Playing with Grammar in Python

Suppose our goal is to have Python read a sentence and extract some content from it. The most common application is sentiment analysis, wherein Python scans over a sentence and tells us whether the sentence has a particular sentiment (e.g. "good" or "bad").

For example:

"We had an awful quarter, sales have been terrible."

has a negative tone. Python can detect this tone by being fed a list of negative words (which would include "awful" and "terrible") and then finding those words in the example sentence. This application is fairly straight-forward; the sample code below tells us the sentence is 100% negative.

In [1]:
# example sentence
sentence = "We had an awful quarter, sales have been terrible."

# example tone lists (real lists would be much longer than these)
positive_words = ["great", "tremendous", "amazing"]
negative_words = ["awful", "terrible", "horrific"]

# tone = num. neg. words / (num. neg. words + num. pos. words)
num_pos = len([word for word in sentence.split() if word in positive_words])
num_neg = len([word for word in sentence.split() if word in negative_words])
tone = num_neg / (num_neg + num_pos)
print(tone)
1.0

We can go deeper than this.
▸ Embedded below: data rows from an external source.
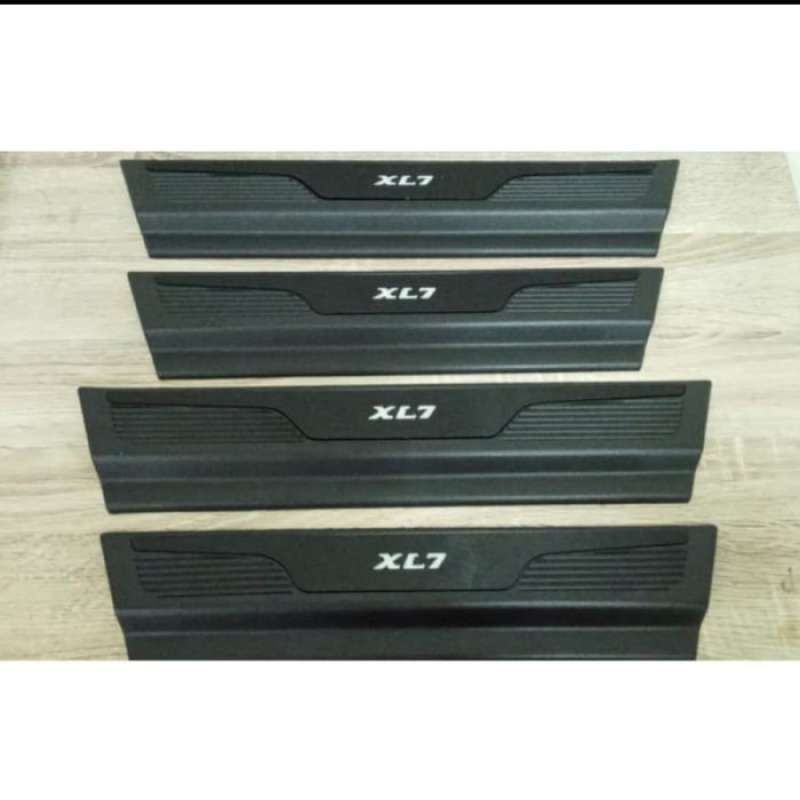 Promo Sillplate Sill Plate Samping Suzuki XL7 Tulisan Putih Diskon 26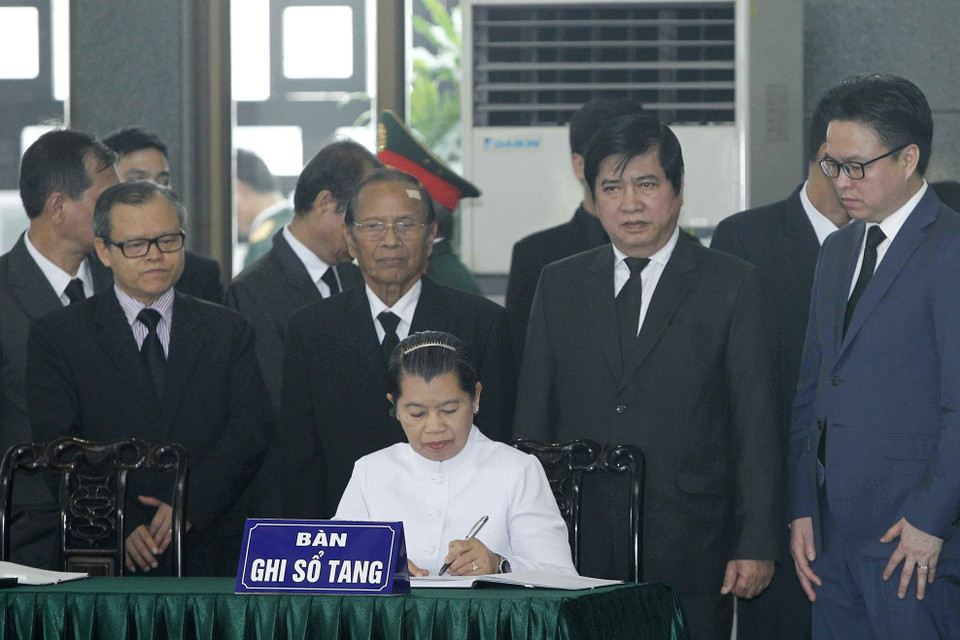 Phó thủ tướng Chính phủ Hoàng gia Campuchia Men Sam An viết sổ tang và viếng nguyên Tổng Bí thư Đỗ Mười. (Ảnh: Văn Điệp/TTXVN)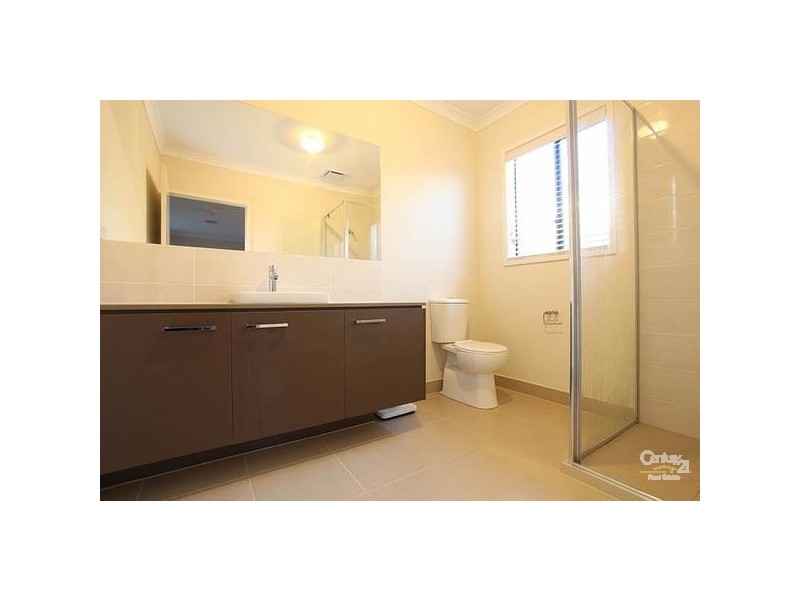 33 APPLEBOX CIRCUIT, Point Cook VIC 3030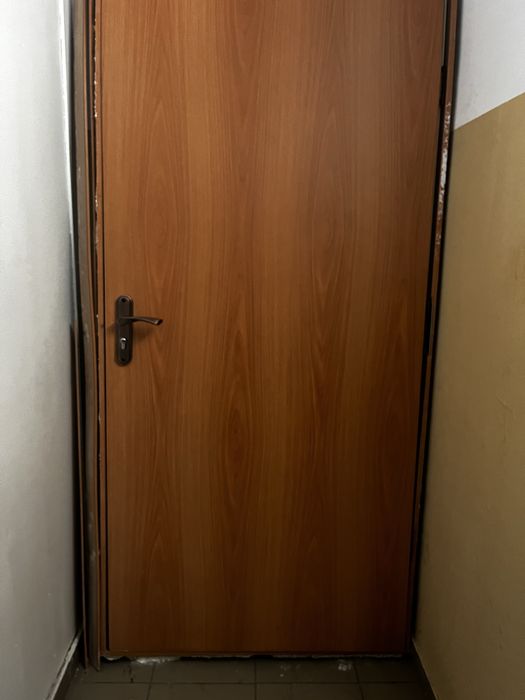 продам входную дверь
Python has modules that allow us to unpack the grammar of a sentence. By doing so, we can look for more specific types of content. Here, we'll consider a search for news articles that report management issued guidance.
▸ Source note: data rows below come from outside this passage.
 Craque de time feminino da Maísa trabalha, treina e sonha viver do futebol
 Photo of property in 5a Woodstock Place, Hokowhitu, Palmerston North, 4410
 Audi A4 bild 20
To begin, consider an obvious instance of management guidance:

XYZ announced that earnings will increase this year.

No sentence could be more plain than this. XYZ, the hypothetical company in the example above, announces that earnings are expected to increase this year. Because the topic ("earnings") pertains to a future period ("this year") rather than a prior period (e.g. "last quarter"), the statement is forward-looking.

The task for finding management issued guidance can be broken down into three parts:

  1. Does the sentence pertain to relevant financial information (e.g. "earnings")?
  2. Does the financial information pertain to a future period (e.g. "next quarter")?
  3. Is the forward-looking statement being made by a company representative?

Let's start with task (1). Given a sentence:

In [2]:
sent = 'XYZ announced that earnings will increase this year.'

Begin by looking for earnings-related words:

In [3]:
# list of financial words/phrases, the full list could be much longer
earnings_words = ['earnings', 'profitability', 'dollars per share']

# scan over earnings_words and check whether these words appear in the sentence of interest
[w in sent for w in earnings_words]
Out[3]:
[True, False, False]

Over the three words in the list earnings_words, the first of these ("earnings") appears in the sentence.

Next look for forward-looking language:

In [4]:
# list of forward-looking words, the full list could be much longer
forward_words = ['forecasted', 'estimated', 'will', 'expected']

# scan over forward_words and check whether these words appear in the sentence of interest
[w in sent for w in forward_words]
Out[4]:
[False, False, True, False]

Over the four words in forward_words, the third of these ("will") appears in the sentence.

We must be careful that the forward-looking language is being applied to the earnings-related word, rather than elsewhere in the sentence. For example, in the sentence below, the earnings word ("earnings") is in a separate and independent clause from the the forward word ("will").

In [5]:
bad_sent = '''XYZ stated that although earnings had fallen last year,
              the board remained confident in how the new CEO will manage the company.'''

To ensure that the forward-looking word and earnings-related word are connected in the sentence, the grammar of the sentence must be convered.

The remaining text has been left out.